Un addio commosso a Gigi Riva, l'eroe del calcio italiano
Articolo Precedente
Articolo Successivo
Redazione Sport
-
Il 23 marzo del 1969 non era un pomeriggio come gli altri. Paolo Pulici, all'età di 18 anni, stava per fare il suo debutto in serie A. La sua fonte di ispirazione era Gigi Riva, una leggenda del calcio italiano. Riva gli aveva detto: "Noi che veniamo dal Legnano sappiamo come volare. Non sbagliamo mai...". Queste parole avevano dato a Pulici la sensazione di avere le ali.
Il legame tra Buffon, Cannavaro e Riva
I campioni del mondo del 2006 erano presenti ai funerali di Gigi Riva, che era stato il team manager durante quella memorabile avventura azzurra. Buffon, visibilmente commosso, piangeva come un figlio, mentre il capitano Cannavaro teneva in mano la maglia della Nazionale.
Gabriele Gravina, il presidente della FIGC, si avvicinò e allungò la maglia azzurra numero 11 dedicata a Riva. Cannavaro guardò Gigi, non disse nulla, ma sembrava chiedere: "La vuoi prendere tu?". Gigi esitò e scosse la testa.

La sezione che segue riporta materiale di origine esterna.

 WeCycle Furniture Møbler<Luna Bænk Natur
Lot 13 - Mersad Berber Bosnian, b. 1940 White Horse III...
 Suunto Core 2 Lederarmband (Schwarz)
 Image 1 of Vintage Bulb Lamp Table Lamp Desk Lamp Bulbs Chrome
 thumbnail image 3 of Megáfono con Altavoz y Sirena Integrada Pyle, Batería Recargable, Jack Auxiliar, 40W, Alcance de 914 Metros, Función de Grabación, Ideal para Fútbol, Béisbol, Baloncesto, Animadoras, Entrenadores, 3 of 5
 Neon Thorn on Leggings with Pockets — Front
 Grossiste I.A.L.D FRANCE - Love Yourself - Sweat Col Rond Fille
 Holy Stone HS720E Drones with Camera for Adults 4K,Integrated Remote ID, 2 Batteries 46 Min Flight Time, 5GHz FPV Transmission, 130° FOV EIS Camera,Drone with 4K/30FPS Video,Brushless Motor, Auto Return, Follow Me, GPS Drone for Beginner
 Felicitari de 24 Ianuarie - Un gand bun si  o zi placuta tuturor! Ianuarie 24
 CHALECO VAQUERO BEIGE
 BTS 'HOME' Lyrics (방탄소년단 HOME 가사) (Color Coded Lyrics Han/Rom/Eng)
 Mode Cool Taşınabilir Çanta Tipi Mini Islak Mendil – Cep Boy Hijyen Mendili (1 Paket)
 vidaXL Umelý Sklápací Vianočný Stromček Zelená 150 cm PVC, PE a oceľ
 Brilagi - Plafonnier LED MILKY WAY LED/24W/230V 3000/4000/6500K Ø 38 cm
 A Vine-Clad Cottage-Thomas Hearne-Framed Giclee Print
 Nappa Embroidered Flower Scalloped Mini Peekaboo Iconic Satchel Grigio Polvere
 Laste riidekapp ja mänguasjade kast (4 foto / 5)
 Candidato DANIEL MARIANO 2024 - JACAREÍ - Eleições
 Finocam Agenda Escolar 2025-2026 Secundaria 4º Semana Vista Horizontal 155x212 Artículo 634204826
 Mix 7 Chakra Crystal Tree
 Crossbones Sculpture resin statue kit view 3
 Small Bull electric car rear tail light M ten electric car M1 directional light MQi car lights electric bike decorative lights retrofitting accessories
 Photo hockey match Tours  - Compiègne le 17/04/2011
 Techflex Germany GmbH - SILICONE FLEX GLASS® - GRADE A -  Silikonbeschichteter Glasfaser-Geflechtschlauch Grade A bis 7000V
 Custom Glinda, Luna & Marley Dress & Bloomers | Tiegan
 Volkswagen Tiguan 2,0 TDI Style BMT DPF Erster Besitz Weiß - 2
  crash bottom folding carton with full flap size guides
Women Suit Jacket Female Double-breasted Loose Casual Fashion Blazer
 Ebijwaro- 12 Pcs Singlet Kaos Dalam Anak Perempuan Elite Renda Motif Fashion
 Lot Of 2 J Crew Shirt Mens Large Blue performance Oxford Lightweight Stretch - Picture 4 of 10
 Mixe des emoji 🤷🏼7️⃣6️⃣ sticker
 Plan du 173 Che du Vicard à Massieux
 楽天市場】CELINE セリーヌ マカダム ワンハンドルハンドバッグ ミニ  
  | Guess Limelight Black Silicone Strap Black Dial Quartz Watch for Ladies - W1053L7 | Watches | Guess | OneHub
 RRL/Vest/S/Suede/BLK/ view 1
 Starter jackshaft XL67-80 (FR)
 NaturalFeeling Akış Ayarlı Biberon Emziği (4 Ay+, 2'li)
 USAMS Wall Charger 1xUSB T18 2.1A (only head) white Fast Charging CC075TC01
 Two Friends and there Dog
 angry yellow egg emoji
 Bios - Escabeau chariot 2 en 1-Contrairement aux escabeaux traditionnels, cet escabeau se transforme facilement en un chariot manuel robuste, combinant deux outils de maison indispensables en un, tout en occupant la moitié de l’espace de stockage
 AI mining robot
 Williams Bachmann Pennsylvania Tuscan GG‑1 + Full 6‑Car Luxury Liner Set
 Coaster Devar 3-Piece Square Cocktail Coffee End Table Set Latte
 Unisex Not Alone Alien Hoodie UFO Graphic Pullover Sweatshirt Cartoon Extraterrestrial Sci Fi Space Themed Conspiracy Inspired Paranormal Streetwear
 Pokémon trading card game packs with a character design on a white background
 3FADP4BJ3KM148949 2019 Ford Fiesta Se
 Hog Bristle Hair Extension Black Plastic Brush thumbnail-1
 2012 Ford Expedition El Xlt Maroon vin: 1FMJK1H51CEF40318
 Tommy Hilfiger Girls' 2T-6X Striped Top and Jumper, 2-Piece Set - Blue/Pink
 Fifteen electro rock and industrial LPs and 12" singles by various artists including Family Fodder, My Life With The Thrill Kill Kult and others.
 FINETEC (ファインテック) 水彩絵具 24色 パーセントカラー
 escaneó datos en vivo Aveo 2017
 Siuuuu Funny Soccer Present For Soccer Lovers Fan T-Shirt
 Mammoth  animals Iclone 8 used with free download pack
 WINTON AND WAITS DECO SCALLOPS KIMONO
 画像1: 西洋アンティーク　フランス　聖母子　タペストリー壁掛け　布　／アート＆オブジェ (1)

L'ultimo saluto a Rombo di Tuono
"Il popolo di Riva: la piazza è piena. Buffon in lacrime". Queste parole riassumono l'atmosfera di quella giornata, in cui tutta Cagliari si è riversata al funerale di Gigi Riva. Trenta mila persone hanno dato l'ultimo saluto a Rombo di Tuono, leggenda del calcio sardo e italiano. Un addio commosso a un eroe del calcio, che continuerà a ispirare le future generazioni.